How much is McLaren hiding with its launch-spec car?

The launch-spec McLaren MCL35 looks to have held back in areas that are expected to be crucial for development in 2020. But it points to a quiet confidence that the team can continue its upward trajectory and recapture its Formula 1 glory days of old

Having arrested its descent down the Formula 1 grid with an impressive 2019 season, McLaren begins 2020 with renewed vigour and a refreshed paint scheme to kick off the new year.

Conforming to F1's current trends and daubing its MCL35 with a matte papaya finish, McLaren has also upped the amount of blue areas adorning its reworked livery, ditching the tessellating triangles for something more befitting of the car's lines.

It's a duo that has no real right to work; orange and blue are diametrically opposed on the colour wheel and seem incongruous at best. Yet, McLaren's livery designers somehow have been able to marry an unlikely couple and coerce them into looking good on the car.

But you're here for technical analysis, not colour theory.

One element that has emerged as part of an ever-growing trend this season is the thin, tapered nose section. First pioneered by Mercedes, McLaren adopted a similar design in 2018, but the nose has been tightened up even more for 2020 with a far less cluttered arrangement around the crash structure.

In the previous two years, this was home to a central snorkel and two surrounding nostrils, but McLaren has elected to discard these. Instead, the reduced nose size opens up more of the frontal bounding box to a larger cape section.

The front wing seems to be distinctly similar to, if not the same as, last year's design - and perhaps there's more to come from McLaren in that area. The hint is that the team will retain the same inboard-loaded philosophy that it successfully transitioned to last year, and there will certainly be further development in this particular area.
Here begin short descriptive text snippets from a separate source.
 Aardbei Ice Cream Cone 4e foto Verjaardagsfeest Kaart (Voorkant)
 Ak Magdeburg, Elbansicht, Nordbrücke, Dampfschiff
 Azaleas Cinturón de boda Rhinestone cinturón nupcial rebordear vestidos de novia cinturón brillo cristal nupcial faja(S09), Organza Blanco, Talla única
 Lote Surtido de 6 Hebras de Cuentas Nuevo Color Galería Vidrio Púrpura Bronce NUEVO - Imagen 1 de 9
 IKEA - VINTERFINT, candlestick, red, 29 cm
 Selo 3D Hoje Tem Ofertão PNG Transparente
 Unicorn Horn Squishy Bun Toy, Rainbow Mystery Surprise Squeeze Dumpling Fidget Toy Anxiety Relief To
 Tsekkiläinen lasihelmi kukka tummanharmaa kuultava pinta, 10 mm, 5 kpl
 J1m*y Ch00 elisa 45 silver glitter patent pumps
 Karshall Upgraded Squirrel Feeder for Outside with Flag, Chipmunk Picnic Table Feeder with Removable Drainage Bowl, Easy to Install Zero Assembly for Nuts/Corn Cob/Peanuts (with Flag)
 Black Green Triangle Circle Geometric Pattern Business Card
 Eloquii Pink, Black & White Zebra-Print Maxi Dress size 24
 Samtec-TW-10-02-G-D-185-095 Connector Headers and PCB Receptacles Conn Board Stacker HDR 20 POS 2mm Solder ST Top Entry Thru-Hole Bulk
Looking at the suspension, McLaren has pulled a design out of its back catalogue and seemingly included it in the MCL35 package for 2020. The top wishbone is mounted to an extended 'horn' attached to the upright, which was first explored last year in practice at Spa. Suspension wishbones today are developed for aerodynamic purposes along with their usual kinematic obligations, and raising them means McLaren's vehicle dynamicists can work with the right load paths as well as a more aero-friendly solution.

Another area distinctly similar to last year's car is the bargeboard geometry. Opting to show 2019 parts in the front wing and bargeboard areas suggests that McLaren is holding a little something back from its launch package.

While the MCL35, at launch, is almost certainly not the full car that will hit the circuit for testing, it does bear many idiosyncrasies that will distinguish it from its competitors

Those are expected to be two of the biggest areas for development in 2020 before the regulations completely change, and so it's no surprise to see teams reluctant to show their hands at this stage.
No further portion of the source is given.